Edinburgh Dragon declared a final dividend of 4.00p, a 21% increase on the 3.30p paid last year.
"Like the rest of the emerging markets, the situation in Asia appears bleak at first glance, especially in view of the US dollar liquidity crunch, the US induced trade war, the tensions in the South China Sea and the Fed's planned interest-rate hikes," said Mckenzie.
He continued: "Deeper analysis suggests that Asia does not face the same challenges as those emerging economies currently under such close scrutiny. This is because none of the Asian countries is in the same boat as those in the other troubled regions, having learnt well the lessons from the 1997 financial crisis."
McKenzie believes that due to inflation being "relatively low", the economic growth in the region is "still resilient" with central banks being "uncompromising" in their approach.
Edinburgh Dragon's portfolio benefited from an increase in exposure to Chinese equities. Half of the trust's top ten contributors to portfolio performance were from China, including China International Travel, China Conch, Kweichow Moutai, Shanghai International Airport and China Resources Land.
These companies are benefiting from China's emerging structural technology and growing domestic consumption trends.
In the period, the region was disrupted by three main factors: the squeeze on US dollar liquidity, US hostility resulting in tariffs and the heightened worry of "contagion afflicted" emerging markets.
In advance of the trust's three yearly continuation vote at its annual general meeting on December 17, Edinburgh Dragon has proposed a tender offer for 30% of the company's issued shares at a discount of 2% to formula asset value, which is NAV less the costs of the tender offer.

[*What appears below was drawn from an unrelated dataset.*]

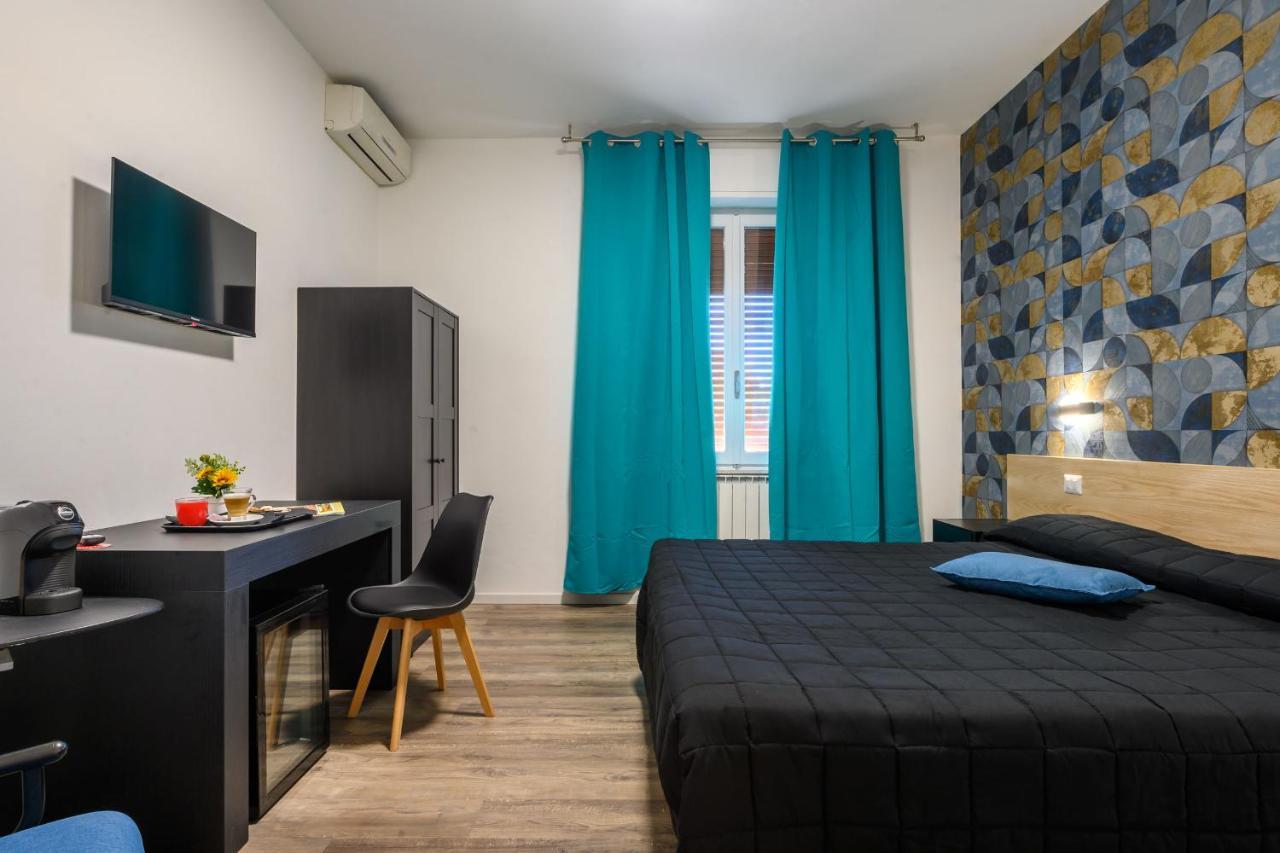 Hotel Anna Siena Nord Esterno foto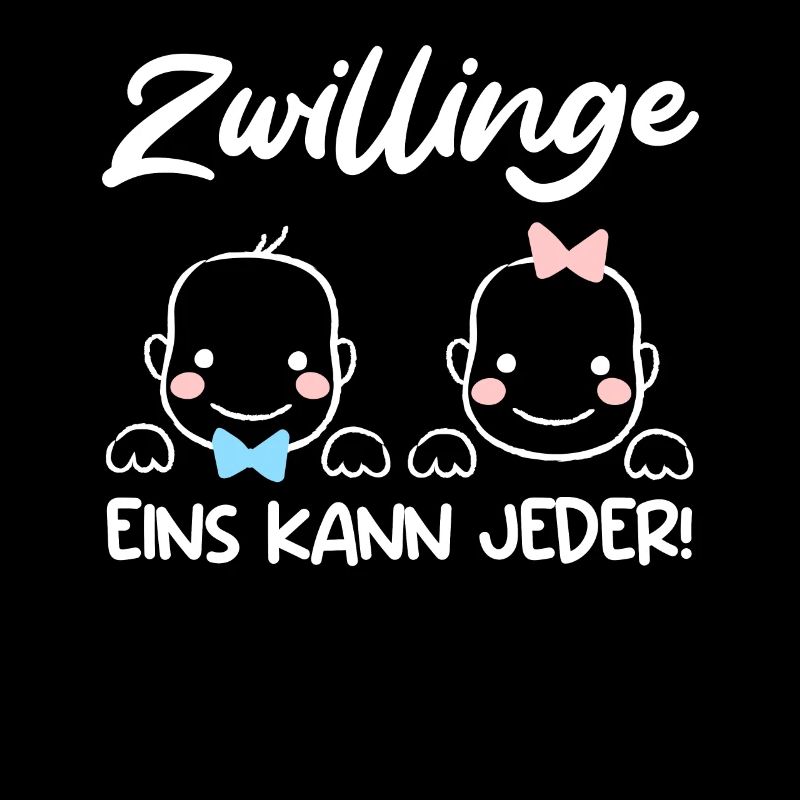 Zwillinge Eins kann Jeder! Zwillingsmama 2024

Edinburgh Dragon said its largest shareholder, City of London Investment Management, has provided an "irrevocable undertaking" to vote in favour of the continuation vote and tender offer.
The trust said it "strongly recommends" shareholders vote in favour of the continuation resolution.
The tender offer is subject to the continuation vote being passed.
Edinburgh Dragon has also appointed James Will as non-executive director on October 1. Will is the former chairman of law firm Shepherd & Wedderburn LLP and currently is chairman of Scottish Investment Trust.
Shares in Edinburgh Dragon Trust were up 1.8% at 347.00 pence each.